Objective: To characterize mortality in persons diagnosed with primary pulmonary hypertension and to investigate factors associated with survival.
Design: Registry with prospective follow-up.
Setting: Thirty-two clinical centers in the United States participating in the Patient Registry for the Characterization of Primary Pulmonary Hypertension supported by the National Heart, Lung, and Blood Institute.
Patients: Patients (194) diagnosed at clinical centers between 1 July 1981 and 31 December 1985 and followed through 8 August 1988.
Measurements: At diagnosis, measurements of hemodynamic variables, pulmonary function, and gas exchange variables were taken in addition to information on demographic variables, medical history, and life-style. Patients were followed for survival at 6-month intervals.
Main results: The estimated median survival of these patients was 2.8 years (95% Cl, 1.9 to 3.7 years). Estimated single-year survival rates were as follows: at 1 year, 68% (Cl, 61% to 75%); at 3 years, 48% (Cl, 41% to 55%); and at 5 years, 34% (Cl, 24% to 44%). Variables associated with poor survival included a New York Heart Association (NYHA) functional class of III or IV, presence of Raynaud phenomenon, elevated mean right atrial pressure, elevated mean pulmonary artery pressure, decreased cardiac index, and decreased diffusing capacity for carbon monoxide (DLCO). Drug therapy at entry or discharge was not associated with survival duration.

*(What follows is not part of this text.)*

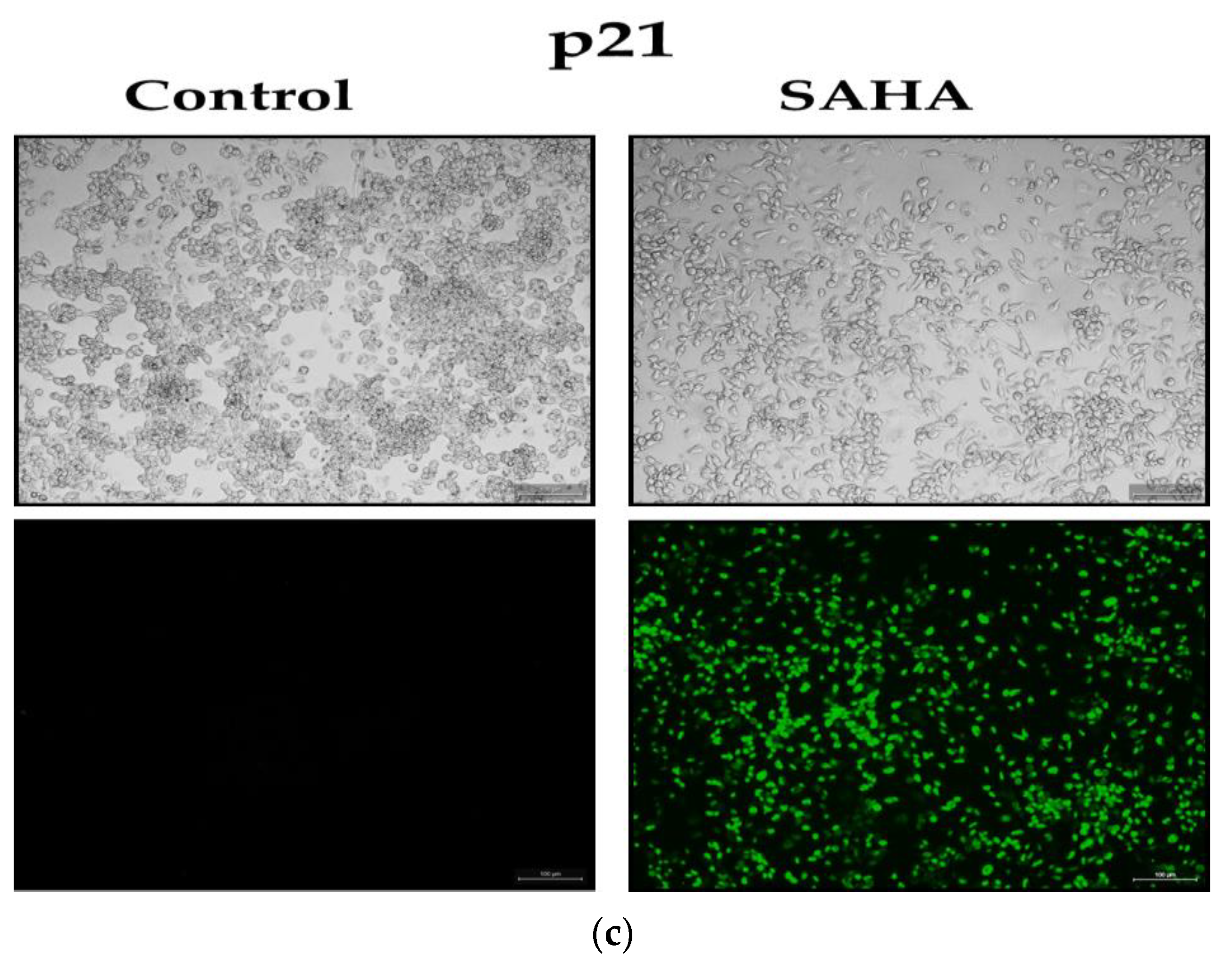 Medicina 57 00456 g007b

Conclusions: Mortality was most closely associated with right ventricular hemodynamic function and can be characterized by means of an equation using three variables: mean pulmonary artery pressure, mean right atrial pressure, and cardiac index. Such an equation, once validated prospectively, could be used as an adjunct in planning treatment strategies and allocating medical resources.